Visible to the public Text Analytics for Mobile App Security and Beyond


Mobile apps are accompanied by a rich amount of natural language text: app descriptions, app user reviews, update/release notes, etc. Such natural language text is essential in conveying important information about the apps (such as expected functionalities) and such information is not easily attainable from other structured information of the apps (such as app source or binary code, execution traces). Given the overwhelming amount of available natural language text, there is a high demand of text analytics including natural language processing (NLP) and text mining techniques to automatically analyze the natural language text to improve mobile app security. The history of applying NLP and text mining techniques to analyze software artifacts can date back to about a decade ago. Only till recently, text analytics for software artifacts such as mobile app artifacts has become an emerging research area in the security community. Our recent work has shown that automated analysis of natural language text can help improve mobile app security, and software security in general.

This talk highlights our WHYPER framework published in USENIX Security 2013 ( In particular, while recent work has developed various techniques to determine what mobile apps do, no work has provided a technical approach to answer, what do users expect? Our WHYPER framework serves as the first step in addressing this challenge. WHYPER focuses on permissions for a given mobile app and examines whether the app description provides any indication for why the application needs a permission. WHYPER uses NLP techniques to identify sentences that describe the need for a given permission in an app description. The evaluation results demonstrate great promise in using NLP techniques to bridge the semantic gap between user expectations and application functionality, further aiding the risk assessment of mobile apps.

This talk also presents our Text2Policy approach (published in FSE 2012, a text analytics approach for helping assure high application security during application development. In particular, Text2Policy extracts Access Control Policies (ACP) from natural language software documents such as requirements documents. ACPs specify which principals such as users have access to which resources. Ensuring the correctness and consistency of ACPs is crucial to prevent security vulnerabilities. However, in practice, ACPs are commonly written in natural language and buried in large documents such as requirements documents, not amenable for automated techniques to check for correctness and consistency. To address these issues, Text2Policy automatically extracts ACPs from natural language software documents and resource-access information from natural language scenario-based functional requirements.

This talk finally summarizes other major research work done in the area of text analytics for software security, and outlines future research directions and highlights research challenges in this emerging research area.

Speaker Bio

Tao Xie is an Associate Professor in the Department of Computer Science at University of Illinois at Urbana-Champaign, USA since July 2013. Before then, he was an Associate Professor in the Department of Computer Science at North Carolina State University. He received his Ph.D. in Computer Science from the University of Washington in 2005, advised byDavid Notkin.
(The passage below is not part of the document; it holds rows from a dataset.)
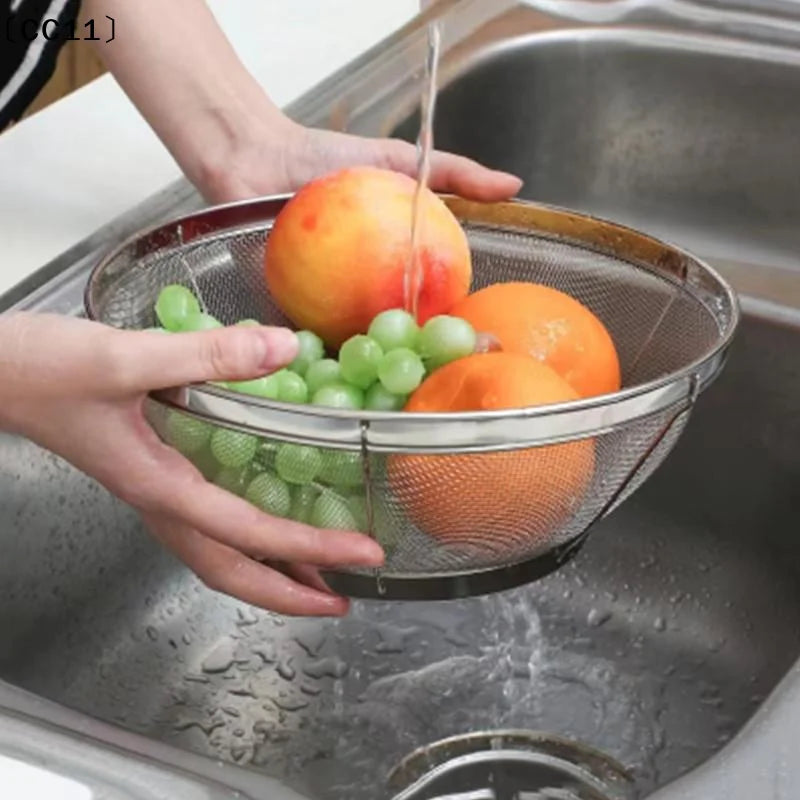 Stainless Steel Rice Washing Sieve Fine Mesh Basket Kitchen Colander Qme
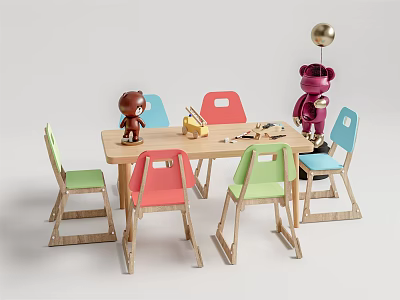 Wooden Kids Table with Colorful Chairs and Playful Teddy Bear Toys in Kids Play Space 3d model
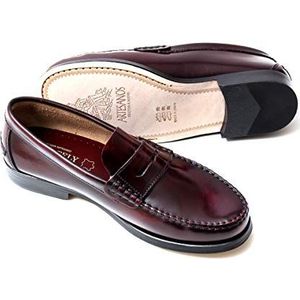 Marttely Castellanos Artesanos Penny Loafer met leren zolen, handgemaakt in Spanje, bordeaux/donkerrood, 42 EU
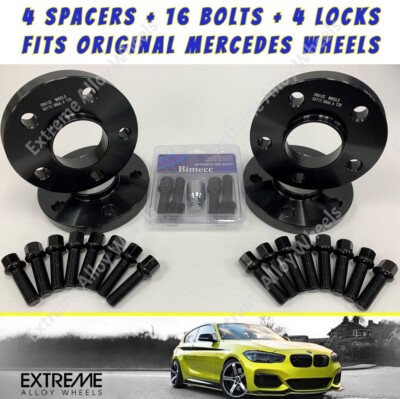 Schwarze Spurverbreiterungen 15mm + 20mm Mercedes E GL R Klasse GLA +Schlösser Radius Alu 66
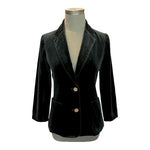 SASKIA Sport Black Velvet Gold Button Blazer Jacket Women Size 8 Japan VG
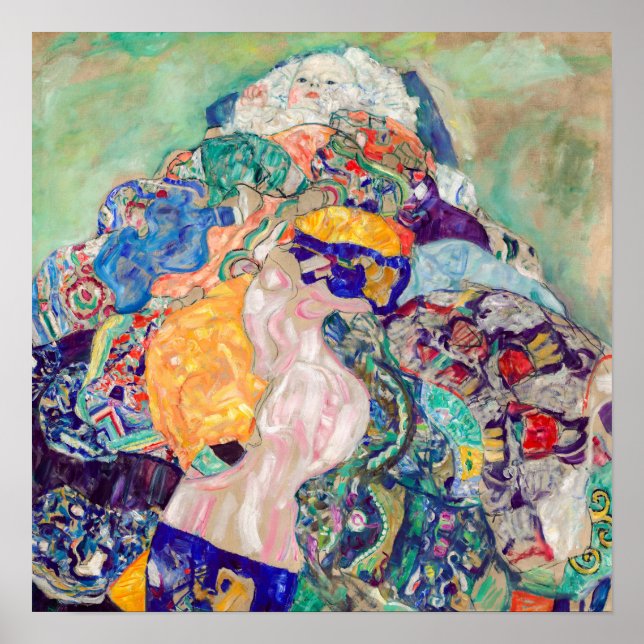 Gustav Klimt - Baby / Wiege Poster (Vorne)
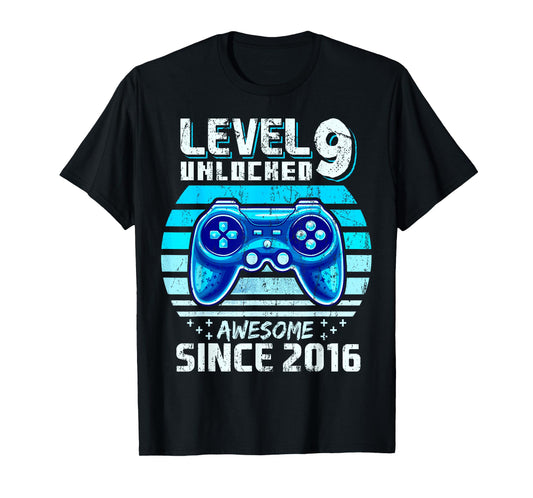 9th Birthday Boy Level 9 Gamer 9 Year Video Game Party T-Shirt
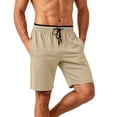 thumbnail image 3 of Men Gym Shorts with Pockets Men's Running Sports Shorts, Summer Quick Drying Cooling Bermuda Shorts, Knee Length Straight Leg Workout Shorts with Pockets Khaki XXL, 3 of 5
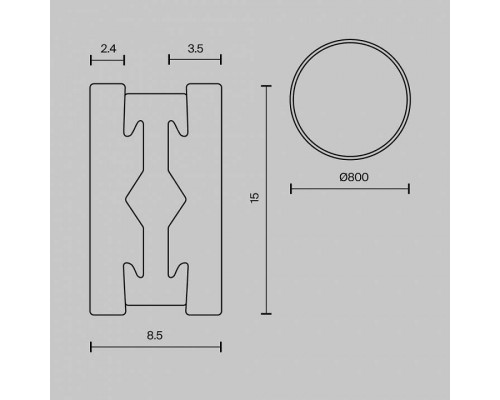 Трек накладной Maytoni Busbar trunkings Flarity TRX154-R-D800-BS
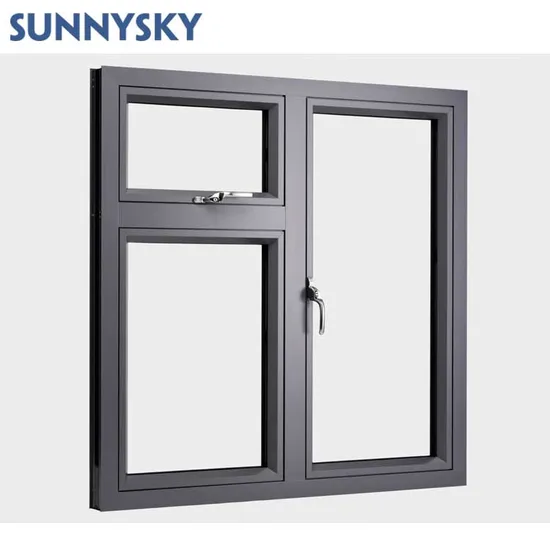 Luxury China Black Color Double Glazed Thermal Break Aluminium Casement Window for America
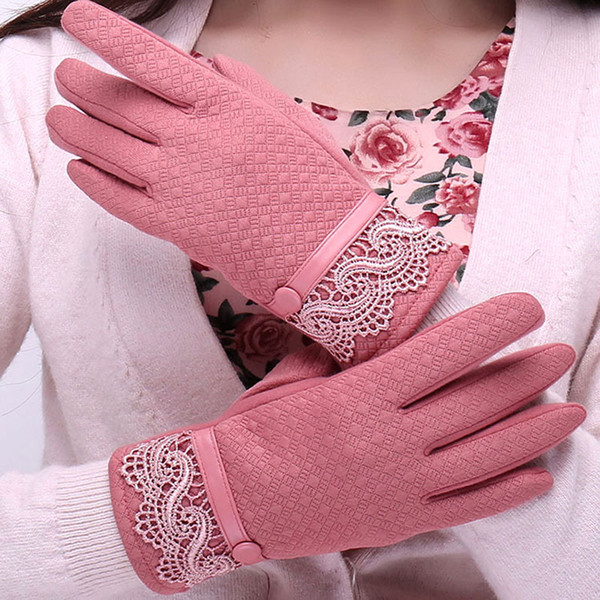 300PAIRS / LOT New Autumn Winter Women Elegant Lace Gloves Thick Warm drive Full Finger Mittens Cashmere Gloves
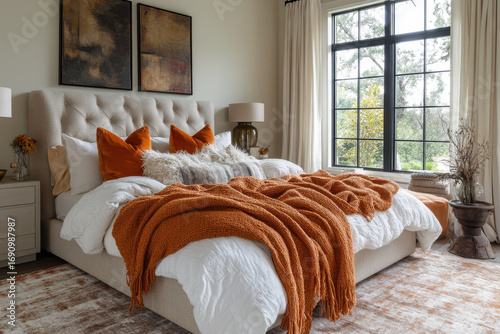 Large bed with orange blankets in bedroom.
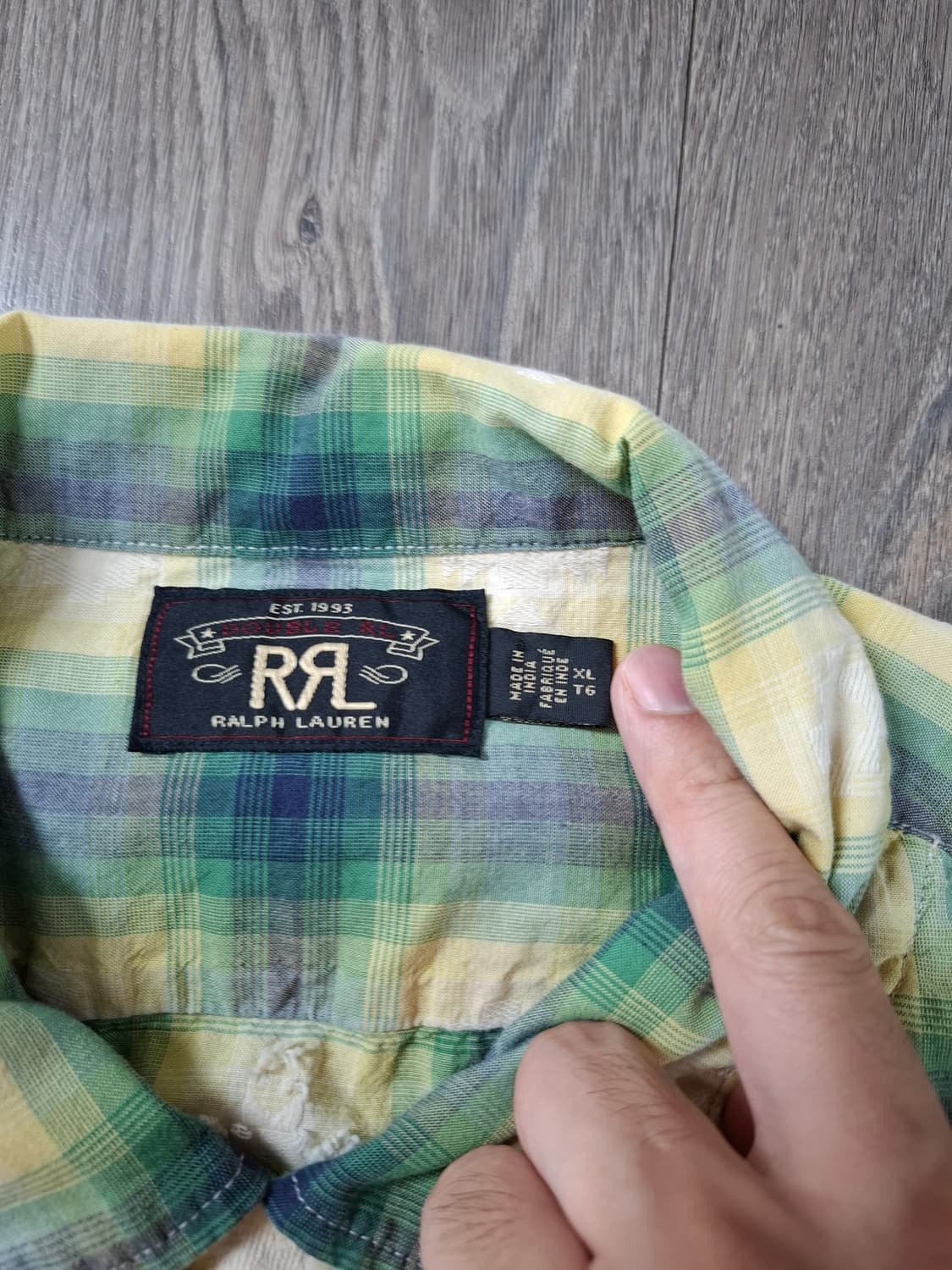 XL RRL 더블알엘 도비 플래드 체크 캠프 반팔 셔츠 상품이미지4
Before that, he received an M.S. in Computer Science from the University of Washington in 2002, an M.S. in Computer Science from Peking University in 2000, advised by Hong Mei, and a B.S. in Computer Science from Fudan University in 1997. He has worked as a visiting researcher at Microsoft Research Redmond and Microsoft Research Asia. His research interests are in Software Engineering, with a focus on Software Testing, Debugging, and Analysis, Software Analytics, Software Security, Software Engineering for Mobile/Internet Computing, and Educational Software Engineering. He leads the Automated Software Engineering Research Group at Illinois, and is a member of the Programming Languages, Formal Methods, and Software Engineering (PL-FM-SE) area at Illinois.

He has contributed to broad software engineering and computing research communities with extensive professional services. He has served as the ACM SIGSOFT History Liaison in theSIGSOFT Executive Committee as well as a member and the SGB Liaison of the ACM History Committee. He is an ACM Distinguished Speaker and an IEEE Computer Society Distinguished Visitor. He received a National Science Foundation Faculty Early Career Development (CAREER) Award in 2009. He received a 2011 Microsoft Research Software Engineering Innovation Foundation (SEIF) Award, 2007 and 2013 Microsoft Research Awards, 2008, 2009, and 2010 IBM Faculty Awards, and a 2008 IBM Jazz Innovation Award. He received 2010 North Carolina State University Sigma Xi Faculty Research Award. He received the IEEE Software Best Software Engineering in Practice (SEIP) Paper Award at ICSE 2013, the ASE 2009 Best Paper Award, and an ACM SIGSOFT Distinguished Paper Award. His research has been supported by NSF, NIST, ARO, IBM, Microsoft Research, Fujitsu Lab, and ABB Research. He was Program Co-Chair of 2009 IEEE International Conference on Software Maintenance (ICSM) and Program Co-Chair of 2011 and 2012 International Working Conference on Mining Software Repositories (MSR). He is the Program Chair of 2015 International Symposium on Software Testing and Analysis (ISSTA). He has served on program committees of various conferences, including ICSE, ASE, ISSTA, and WWW.